• **Collected material**

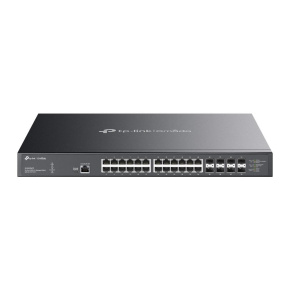 TP-Link OMADA switch SX3832MPP (24x10GbE,8xSFP+,24xPoE++,770W,1xconsole,1xUSB-C) TP-Link OMADA switch SX3832MPP (24x10GbE,8xSFP+,24xPoE++,770W,1xconsole,1xUSB-C)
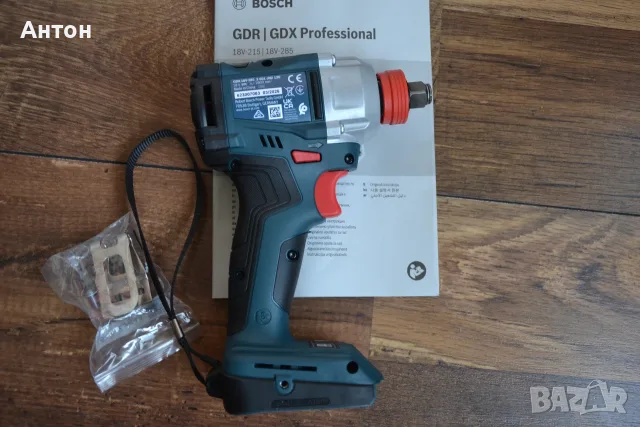 Нов Ударен Гайковерт Bosch Professional, GDX 18V-285, снимка 2 - Винтоверти - 56199183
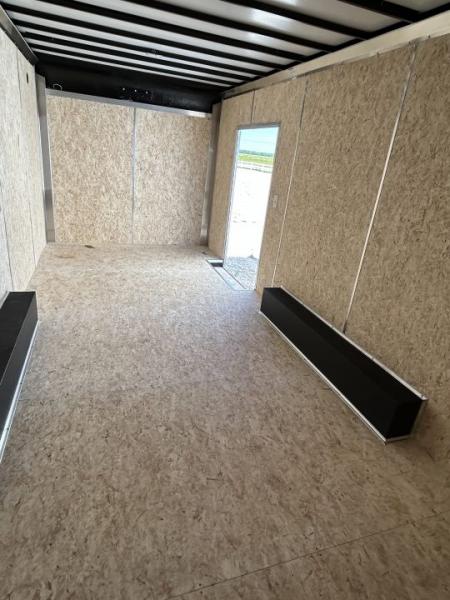 New 2026 Sure-Trac 7X14 CONTRACTOR PRO BULLNOSE Cargo / Enclosed Trailer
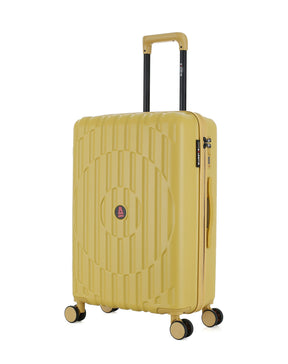 Lot de 2 Valises Rigides Taille Moyenne et Cabine XS ODEON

• **Instructions for the task**
The response should be the full material, repeated exactly, with images removed.

• **Your solution**
 TP-Link OMADA switch SX3832MPP (24x10GbE,8xSFP+,24xPoE++,770W,1xconsole,1xUSB-C) TP-Link OMADA switch SX3832MPP (24x10GbE,8xSFP+,24xPoE++,770W,1xconsole,1xUSB-C)
 Нов Ударен Гайковерт Bosch Professional, GDX 18V-285, снимка 2 - Винтоверти - 56199183
 New 2026 Sure-Trac 7X14 CONTRACTOR PRO BULLNOSE Cargo / Enclosed Trailer
 Lot de 2 Valises Rigides Taille Moyenne et Cabine XS ODEON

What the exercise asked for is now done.